Map Link
- Founded: Goleta, California, US, early 1990s
- Founder: Bill Hunt
- Defunct: 2010
- Headquarters: Goleta, California, US
- Website: http://maplink.com

= East View Map Link =

Map Link was the largest map distributor in North America not affiliated with a major map publisher, and in terms of titles offered (over 100,000), it was the largest map distributor in the world. Until they closed, it was the largest supplier of maps to places outside the US for the Rand McNally retail travel and map stores. Until late 2008, it was the primary source of maps for Barnes & Noble. It continues to supply several other bookstore chains, and has been a major source of maps to map libraries.

Map Link was founded in 1984 as Pacific Travelers Supply, a map and travel store in central Santa Barbara. The brick-and-mortar retail business was spun off in the early 1990s, later changed its name to The Travel Store of Santa Barbara, and closed in 2013.

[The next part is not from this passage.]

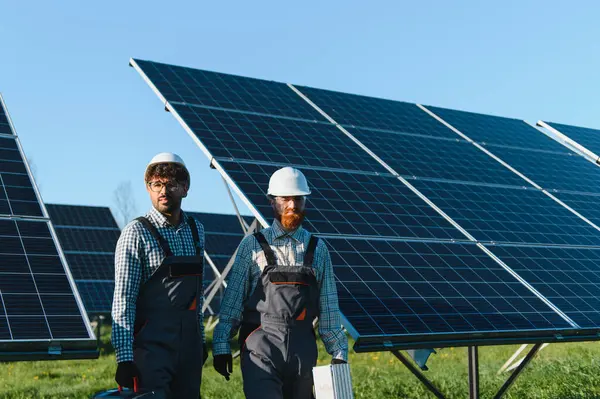 Bir güneş enerjisi santralinde yürüyen ve taşıyan iki mühendis, fotovoltaik paneller temiz enerji sağlıyor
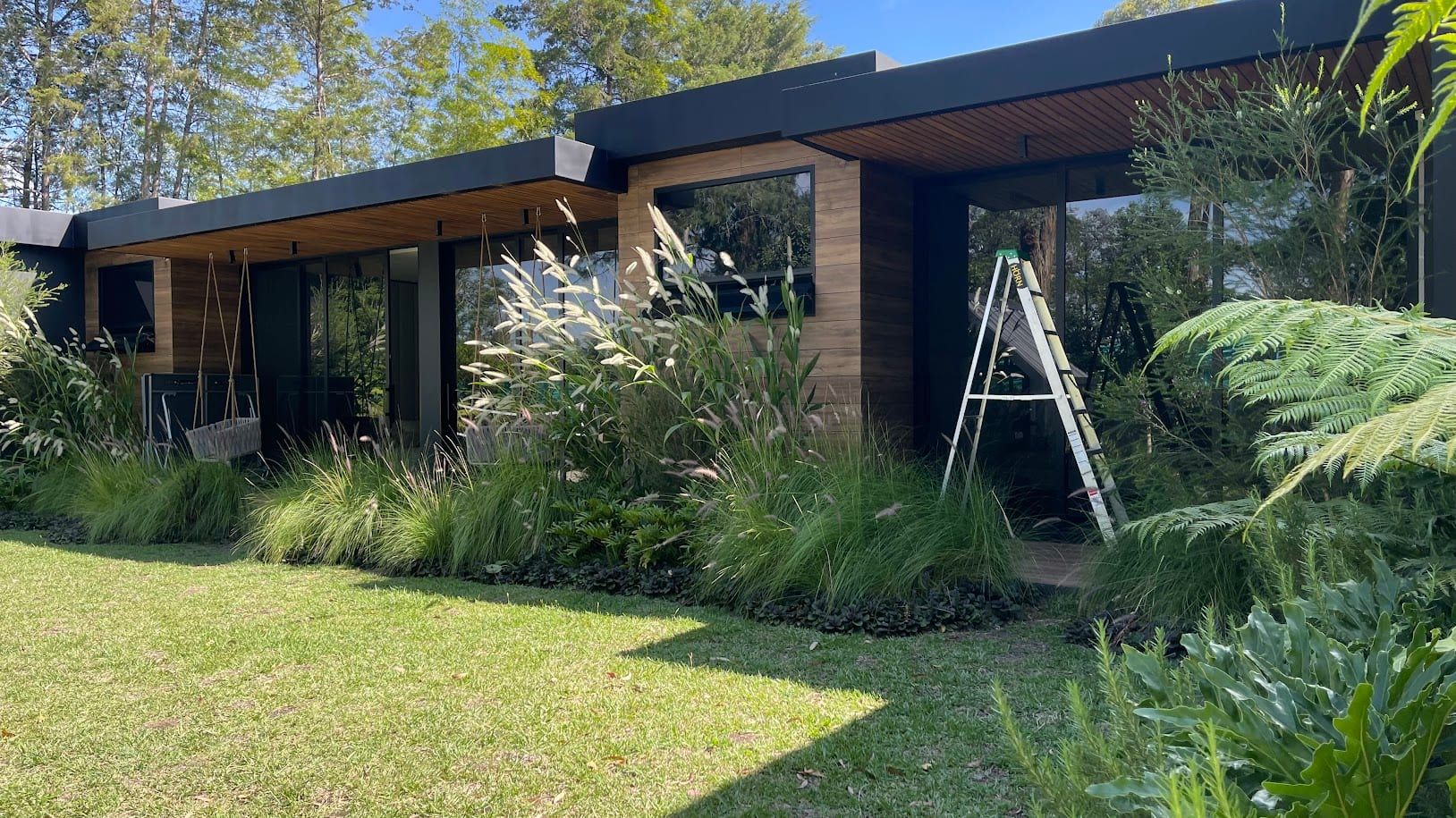Costado de la casa con revestimiento de madera y plantas junto a un camino de losas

Map Link was based in Goleta, California, just outside Santa Barbara, in a converted lemon warehouse.

Map Link was also the publisher of a number of maps, usually of areas and topics not otherwise covered by other publishers. They were partners in Benchmark Maps, a publisher of state atlases and maps in the western United States.

The company filed for bankruptcy protection in 2008, but was unsuccessful in its attempts to reorganize and emerge from bankruptcy. In 2010, it was liquidated and its map assets and domain name were sold to East View Cartographic in Minnesota.

East View Map Link acquired Benchmark Maps in 2024.